Equilibrium thermodynamics in modified gravitational theories

TL;DR

This paper demonstrates that a consistent equilibrium thermodynamics framework can be established on the apparent horizon in a broad class of modified gravity theories, aligning horizon entropy with the area law and analyzing its evolution.

Contribution

It introduces a method to define an energy-momentum tensor that respects local conservation, enabling equilibrium thermodynamics in modified gravity theories with scalar fields.

Findings

Horizon entropy equals quarter of the area in these theories.

In flat backgrounds, entropy increases over time for viable models.

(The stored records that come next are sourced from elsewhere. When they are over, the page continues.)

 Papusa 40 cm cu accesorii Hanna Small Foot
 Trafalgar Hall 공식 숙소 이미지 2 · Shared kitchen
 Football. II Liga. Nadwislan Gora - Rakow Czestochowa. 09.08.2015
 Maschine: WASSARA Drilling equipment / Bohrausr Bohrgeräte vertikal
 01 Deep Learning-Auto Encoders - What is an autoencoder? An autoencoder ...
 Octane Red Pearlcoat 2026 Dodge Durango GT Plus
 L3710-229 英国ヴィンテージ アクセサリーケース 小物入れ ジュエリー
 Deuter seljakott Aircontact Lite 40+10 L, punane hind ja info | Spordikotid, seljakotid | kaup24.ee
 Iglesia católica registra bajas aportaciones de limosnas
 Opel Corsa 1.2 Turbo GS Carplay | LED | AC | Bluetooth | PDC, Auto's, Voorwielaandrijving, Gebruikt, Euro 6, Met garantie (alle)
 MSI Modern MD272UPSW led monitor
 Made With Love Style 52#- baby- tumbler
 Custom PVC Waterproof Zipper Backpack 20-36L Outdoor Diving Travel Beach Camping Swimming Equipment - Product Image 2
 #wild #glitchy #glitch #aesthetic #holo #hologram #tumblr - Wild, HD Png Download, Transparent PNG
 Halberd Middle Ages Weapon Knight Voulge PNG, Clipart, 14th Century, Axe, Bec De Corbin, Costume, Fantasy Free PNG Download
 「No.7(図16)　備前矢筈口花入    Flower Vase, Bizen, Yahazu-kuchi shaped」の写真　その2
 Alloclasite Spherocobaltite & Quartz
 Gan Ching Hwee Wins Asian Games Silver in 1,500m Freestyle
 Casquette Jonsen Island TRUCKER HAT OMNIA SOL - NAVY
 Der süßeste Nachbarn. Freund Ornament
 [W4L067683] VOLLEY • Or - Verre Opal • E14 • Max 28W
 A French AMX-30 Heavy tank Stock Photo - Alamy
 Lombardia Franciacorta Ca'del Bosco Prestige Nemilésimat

Equilibrium thermodynamics simplifies analysis by incorporating entropy production.

Abstract

We show that it is possible to obtain a picture of equilibrium thermodynamics on the apparent horizon in the expanding cosmological background for a wide class of modified gravity theories with the Lagrangian density $f(R, \phi, X)$, where $R$ is the Ricci scalar and $X$ is the kinetic energy of a scalar field $\phi$. This comes from a suitable definition of an energy momentum tensor of the "dark" component that respects to a local energy conservation in the Jordan frame. In this framework the horizon entropy $S$ corresponding to equilibrium thermodynamics is equal to a quarter of the horizon area $A$ in units of gravitational constant $G$, as in Einstein gravity. For a flat cosmological background with a decreasing Hubble parameter, $S$ globally increases with time, as it happens for viable $f(R)$ inflation and dark energy models. We also show that the equilibrium description in terms of the horizon entropy $S$ is convenient because it takes into account the contribution of both the horizon entropy $\hat{S}$ in non-equilibrium thermodynamics and an entropy production term.